It’s not even midnight and fireworks has already started in my decked-up lane to usher in the new year. There’s something about this time, you know. Moments which make you want to look back on the year that was and wait for the new year to set in, with this tiny hope flickering in the heart that it’ll be a year that is even better than the last one. 2018 has been a year of many things happening in my life, which took turns to surprise, shock, gladden and sadden me, all at the same time.

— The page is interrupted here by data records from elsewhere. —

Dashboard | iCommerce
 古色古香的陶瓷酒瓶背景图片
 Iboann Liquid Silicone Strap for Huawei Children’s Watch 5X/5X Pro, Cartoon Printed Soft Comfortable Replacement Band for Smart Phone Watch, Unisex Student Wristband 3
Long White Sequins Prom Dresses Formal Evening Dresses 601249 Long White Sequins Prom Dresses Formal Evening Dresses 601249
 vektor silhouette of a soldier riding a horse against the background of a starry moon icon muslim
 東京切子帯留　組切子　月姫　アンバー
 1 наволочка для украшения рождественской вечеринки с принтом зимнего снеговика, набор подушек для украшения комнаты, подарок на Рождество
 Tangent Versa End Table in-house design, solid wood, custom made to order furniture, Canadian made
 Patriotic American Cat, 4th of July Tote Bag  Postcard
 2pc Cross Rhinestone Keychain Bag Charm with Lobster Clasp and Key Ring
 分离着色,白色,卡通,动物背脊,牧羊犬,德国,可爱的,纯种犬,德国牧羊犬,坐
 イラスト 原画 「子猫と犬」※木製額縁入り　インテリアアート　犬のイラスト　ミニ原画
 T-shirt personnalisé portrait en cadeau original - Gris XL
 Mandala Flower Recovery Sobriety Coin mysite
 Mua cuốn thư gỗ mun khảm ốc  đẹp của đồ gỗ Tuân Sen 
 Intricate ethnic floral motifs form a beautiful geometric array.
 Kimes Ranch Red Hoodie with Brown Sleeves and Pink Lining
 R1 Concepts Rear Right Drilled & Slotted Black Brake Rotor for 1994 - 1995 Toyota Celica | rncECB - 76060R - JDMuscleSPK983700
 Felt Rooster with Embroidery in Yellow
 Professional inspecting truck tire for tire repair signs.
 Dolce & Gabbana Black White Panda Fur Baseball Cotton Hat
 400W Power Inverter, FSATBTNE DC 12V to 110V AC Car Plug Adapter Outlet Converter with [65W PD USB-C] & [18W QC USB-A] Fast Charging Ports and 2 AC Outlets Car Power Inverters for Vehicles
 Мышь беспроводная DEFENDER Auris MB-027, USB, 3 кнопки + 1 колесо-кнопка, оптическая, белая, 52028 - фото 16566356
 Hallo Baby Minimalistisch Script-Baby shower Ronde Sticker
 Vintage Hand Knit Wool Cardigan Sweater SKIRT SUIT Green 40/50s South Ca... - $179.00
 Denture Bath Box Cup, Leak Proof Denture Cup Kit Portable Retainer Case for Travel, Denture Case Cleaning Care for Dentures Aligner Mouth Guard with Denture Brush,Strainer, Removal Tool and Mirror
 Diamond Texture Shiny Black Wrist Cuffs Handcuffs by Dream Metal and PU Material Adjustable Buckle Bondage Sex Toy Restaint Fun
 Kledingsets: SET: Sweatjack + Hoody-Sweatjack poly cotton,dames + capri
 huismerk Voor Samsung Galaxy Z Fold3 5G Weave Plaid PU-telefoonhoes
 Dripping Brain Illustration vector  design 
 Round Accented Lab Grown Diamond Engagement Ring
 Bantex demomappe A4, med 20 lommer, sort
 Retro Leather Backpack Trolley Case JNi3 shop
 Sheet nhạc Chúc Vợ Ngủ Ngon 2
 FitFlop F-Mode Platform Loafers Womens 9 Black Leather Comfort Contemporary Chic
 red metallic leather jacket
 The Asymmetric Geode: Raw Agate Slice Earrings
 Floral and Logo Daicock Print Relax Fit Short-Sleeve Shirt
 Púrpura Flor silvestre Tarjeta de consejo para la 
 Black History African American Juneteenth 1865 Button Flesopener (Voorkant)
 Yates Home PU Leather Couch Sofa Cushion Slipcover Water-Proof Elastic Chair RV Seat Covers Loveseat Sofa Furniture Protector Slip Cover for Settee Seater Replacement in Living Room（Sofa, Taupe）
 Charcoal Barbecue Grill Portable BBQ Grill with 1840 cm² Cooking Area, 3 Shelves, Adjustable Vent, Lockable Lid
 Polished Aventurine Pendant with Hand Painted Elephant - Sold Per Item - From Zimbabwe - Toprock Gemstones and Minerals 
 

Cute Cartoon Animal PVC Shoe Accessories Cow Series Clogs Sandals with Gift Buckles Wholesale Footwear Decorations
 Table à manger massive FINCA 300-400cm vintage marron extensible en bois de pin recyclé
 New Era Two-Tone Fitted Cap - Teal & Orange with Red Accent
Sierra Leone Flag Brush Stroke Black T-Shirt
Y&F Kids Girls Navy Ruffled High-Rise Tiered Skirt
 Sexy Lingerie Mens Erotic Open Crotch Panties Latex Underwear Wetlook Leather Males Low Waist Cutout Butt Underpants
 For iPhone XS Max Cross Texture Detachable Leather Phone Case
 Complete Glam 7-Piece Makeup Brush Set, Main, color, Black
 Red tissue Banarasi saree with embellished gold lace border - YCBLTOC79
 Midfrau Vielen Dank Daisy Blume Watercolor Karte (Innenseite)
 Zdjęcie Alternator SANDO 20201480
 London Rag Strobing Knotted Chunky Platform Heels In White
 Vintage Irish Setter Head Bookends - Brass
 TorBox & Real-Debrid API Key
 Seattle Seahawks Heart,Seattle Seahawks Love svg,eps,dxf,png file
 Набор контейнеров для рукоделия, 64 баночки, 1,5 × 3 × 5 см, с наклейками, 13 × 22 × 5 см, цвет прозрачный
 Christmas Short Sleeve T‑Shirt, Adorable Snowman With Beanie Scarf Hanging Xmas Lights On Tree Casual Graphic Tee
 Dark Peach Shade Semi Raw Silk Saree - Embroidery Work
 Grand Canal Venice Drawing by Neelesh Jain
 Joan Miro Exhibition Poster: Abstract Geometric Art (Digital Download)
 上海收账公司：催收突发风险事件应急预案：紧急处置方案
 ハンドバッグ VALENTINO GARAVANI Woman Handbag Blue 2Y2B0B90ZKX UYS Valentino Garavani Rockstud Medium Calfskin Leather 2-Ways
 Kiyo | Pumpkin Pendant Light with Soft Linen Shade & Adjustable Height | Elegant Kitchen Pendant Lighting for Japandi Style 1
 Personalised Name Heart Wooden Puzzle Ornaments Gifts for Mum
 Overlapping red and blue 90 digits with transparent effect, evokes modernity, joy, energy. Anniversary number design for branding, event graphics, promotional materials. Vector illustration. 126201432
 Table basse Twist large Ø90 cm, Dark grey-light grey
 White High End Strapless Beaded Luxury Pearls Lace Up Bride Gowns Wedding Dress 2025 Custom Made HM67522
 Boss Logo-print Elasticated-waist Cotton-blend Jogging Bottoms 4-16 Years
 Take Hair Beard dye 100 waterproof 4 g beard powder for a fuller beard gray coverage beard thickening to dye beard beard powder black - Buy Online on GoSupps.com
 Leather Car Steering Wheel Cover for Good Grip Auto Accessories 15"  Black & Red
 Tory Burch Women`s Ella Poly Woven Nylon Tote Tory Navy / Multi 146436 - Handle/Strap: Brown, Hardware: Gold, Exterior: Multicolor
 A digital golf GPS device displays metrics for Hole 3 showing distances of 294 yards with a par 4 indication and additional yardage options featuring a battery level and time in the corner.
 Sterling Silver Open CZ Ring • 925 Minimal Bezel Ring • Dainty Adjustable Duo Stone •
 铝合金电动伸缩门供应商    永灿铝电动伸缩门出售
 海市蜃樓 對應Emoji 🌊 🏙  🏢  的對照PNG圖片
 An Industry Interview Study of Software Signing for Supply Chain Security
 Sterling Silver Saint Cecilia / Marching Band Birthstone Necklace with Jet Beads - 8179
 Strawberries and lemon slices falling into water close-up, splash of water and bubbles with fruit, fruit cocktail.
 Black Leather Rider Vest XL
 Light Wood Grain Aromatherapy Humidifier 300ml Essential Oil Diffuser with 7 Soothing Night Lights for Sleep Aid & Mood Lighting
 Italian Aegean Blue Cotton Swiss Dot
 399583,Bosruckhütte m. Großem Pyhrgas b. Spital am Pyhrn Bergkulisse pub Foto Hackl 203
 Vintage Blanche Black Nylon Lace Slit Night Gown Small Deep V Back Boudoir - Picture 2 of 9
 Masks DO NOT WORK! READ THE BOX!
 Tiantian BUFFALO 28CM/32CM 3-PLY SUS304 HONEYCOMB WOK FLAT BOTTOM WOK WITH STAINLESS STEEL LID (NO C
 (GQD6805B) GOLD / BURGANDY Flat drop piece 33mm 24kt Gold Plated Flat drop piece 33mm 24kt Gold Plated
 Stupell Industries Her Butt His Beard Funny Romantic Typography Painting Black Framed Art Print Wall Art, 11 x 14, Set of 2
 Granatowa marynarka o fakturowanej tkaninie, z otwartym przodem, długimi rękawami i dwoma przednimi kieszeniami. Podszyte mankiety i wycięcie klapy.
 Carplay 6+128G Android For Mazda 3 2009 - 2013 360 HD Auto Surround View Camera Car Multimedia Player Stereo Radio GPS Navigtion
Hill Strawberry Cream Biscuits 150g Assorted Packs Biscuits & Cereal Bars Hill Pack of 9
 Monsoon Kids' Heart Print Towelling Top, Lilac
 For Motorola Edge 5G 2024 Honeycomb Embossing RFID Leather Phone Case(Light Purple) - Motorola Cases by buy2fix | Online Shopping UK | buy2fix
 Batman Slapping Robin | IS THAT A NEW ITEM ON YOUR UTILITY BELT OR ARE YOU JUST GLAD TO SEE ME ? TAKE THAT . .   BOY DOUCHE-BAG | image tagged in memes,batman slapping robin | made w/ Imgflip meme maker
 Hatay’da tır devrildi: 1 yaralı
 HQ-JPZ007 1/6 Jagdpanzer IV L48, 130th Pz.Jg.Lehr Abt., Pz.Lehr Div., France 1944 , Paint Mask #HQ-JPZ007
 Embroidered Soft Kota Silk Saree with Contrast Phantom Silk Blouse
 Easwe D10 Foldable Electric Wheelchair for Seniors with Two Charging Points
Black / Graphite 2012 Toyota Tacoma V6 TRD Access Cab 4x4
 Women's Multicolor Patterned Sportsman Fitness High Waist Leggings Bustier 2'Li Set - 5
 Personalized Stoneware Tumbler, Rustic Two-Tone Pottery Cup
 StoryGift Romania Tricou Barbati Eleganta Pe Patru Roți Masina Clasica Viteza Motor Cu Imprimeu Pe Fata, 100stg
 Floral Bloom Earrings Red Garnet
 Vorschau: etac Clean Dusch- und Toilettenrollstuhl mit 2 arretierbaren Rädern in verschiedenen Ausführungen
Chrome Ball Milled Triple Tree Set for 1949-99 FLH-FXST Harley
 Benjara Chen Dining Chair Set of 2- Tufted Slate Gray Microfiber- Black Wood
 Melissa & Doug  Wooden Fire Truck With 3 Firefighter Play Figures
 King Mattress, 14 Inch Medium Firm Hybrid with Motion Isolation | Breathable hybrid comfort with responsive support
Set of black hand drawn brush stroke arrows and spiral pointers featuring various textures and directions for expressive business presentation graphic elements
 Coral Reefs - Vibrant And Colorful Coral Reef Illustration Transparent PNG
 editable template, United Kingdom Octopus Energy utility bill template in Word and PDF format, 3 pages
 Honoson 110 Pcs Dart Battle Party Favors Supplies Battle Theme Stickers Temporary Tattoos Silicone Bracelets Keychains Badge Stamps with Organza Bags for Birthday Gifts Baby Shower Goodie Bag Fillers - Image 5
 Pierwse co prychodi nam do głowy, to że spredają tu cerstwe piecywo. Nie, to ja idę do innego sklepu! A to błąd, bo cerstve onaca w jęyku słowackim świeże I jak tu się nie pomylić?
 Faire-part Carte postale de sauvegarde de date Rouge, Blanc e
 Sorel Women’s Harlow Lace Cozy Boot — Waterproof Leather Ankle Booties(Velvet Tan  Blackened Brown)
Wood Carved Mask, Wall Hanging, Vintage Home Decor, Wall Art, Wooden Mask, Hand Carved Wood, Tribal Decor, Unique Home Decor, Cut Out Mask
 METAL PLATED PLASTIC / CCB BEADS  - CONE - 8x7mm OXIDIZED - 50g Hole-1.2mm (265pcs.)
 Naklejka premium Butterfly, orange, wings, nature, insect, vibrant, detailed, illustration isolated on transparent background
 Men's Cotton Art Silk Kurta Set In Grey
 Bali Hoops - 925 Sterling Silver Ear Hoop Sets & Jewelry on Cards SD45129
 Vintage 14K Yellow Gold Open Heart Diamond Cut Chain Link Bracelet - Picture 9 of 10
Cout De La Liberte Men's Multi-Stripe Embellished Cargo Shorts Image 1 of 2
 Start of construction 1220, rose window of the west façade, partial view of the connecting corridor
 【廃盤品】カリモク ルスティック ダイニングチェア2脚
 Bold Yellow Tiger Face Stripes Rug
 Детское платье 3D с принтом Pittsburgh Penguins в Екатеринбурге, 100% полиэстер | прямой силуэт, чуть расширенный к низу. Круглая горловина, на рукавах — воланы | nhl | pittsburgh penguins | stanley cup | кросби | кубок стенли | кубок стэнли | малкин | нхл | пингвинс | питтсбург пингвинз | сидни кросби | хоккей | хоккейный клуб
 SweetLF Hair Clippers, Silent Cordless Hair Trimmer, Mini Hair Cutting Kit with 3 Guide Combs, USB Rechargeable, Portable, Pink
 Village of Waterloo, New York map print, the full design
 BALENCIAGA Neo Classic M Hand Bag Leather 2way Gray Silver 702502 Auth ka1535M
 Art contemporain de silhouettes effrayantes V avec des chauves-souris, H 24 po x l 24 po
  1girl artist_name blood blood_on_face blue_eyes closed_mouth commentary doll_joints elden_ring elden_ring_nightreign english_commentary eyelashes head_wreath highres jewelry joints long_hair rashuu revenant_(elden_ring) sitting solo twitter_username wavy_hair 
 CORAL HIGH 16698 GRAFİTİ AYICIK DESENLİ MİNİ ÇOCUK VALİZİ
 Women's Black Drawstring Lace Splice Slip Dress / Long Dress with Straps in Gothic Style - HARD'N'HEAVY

On the professional front, 2018 has been an amazingly rewarding year. It started with the multi-cultural school exposure that took me out of my comfort zone called hostel and threw me into a place called Balasore, located in the far interiors of Odisha. Leaving aside the living arrangements (which were horrible, BTW), the time spent there gave me so many life-lessons. I made male friends, something which was absolutely unimaginable otherwise, especially from RIE (my institution). Given their rural background, we had almost nothing in common, except the fact that we came together at the right place, at the right time. I came to the life-owning realization that no matter how much I felt out of place during studying for B.Ed, I was in fact at the right place, when I caught a glimpse of my potential as a teacher during the multi-cultural school exposure. The compliments from the school heads and the teachers (“You’re like this energy-bomb, Eshita! You bring this surreal amount of energy in the class, which pays back.” ~ School Head, DAV Balasore. Also admittedly the toughest school head we came across) not only boosted my self-confidence, but instilled hope inside me that I could become a good teacher. The little adventure of coming across a small village and on invitation, actually going inside their homes and eating their home-made, special Odia food was the highlight of my school exposure, as it turned out the village was after-all the dacoit village! Phew! What a beautiful but narrow save!
The multi-cultural school exposure was soon followed by the second half of the year, which went by spending time in the school internship of our course. I had been placed with JNV Nadia, Kalyani and that too, as the group-leader of my group of five co-teachers which later saw addition of three more co-teachers, taking it to a tally of 8 group members, the highest amongst all the groups for the school internship. When the internship had started, I had been riddled with not only insecurities but further more with the pressure to succeed, while at the same time managing the group dynamics. However, to my surprise, the internship went so well, that I ended up not only extending my professional connections and enhancing my other skills like anchoring and sports amongst others, I also somehow managed to make a little space in the hearts of all the students of the school in many ways more than one. I could go on and on about the internship experience but really it would not suffice for this space to cover all the details. The fact that the school remembers us and our contribution to the school altogether was attested by the fact that the School Principal Sir, staying true to his promise, invited us to the school annual function and me personally, to the alumni meet of the school. It is a huge honor to all of us, and especially for me, as it just added on to the Letter of Recommendation that I had received from him just before I left the school.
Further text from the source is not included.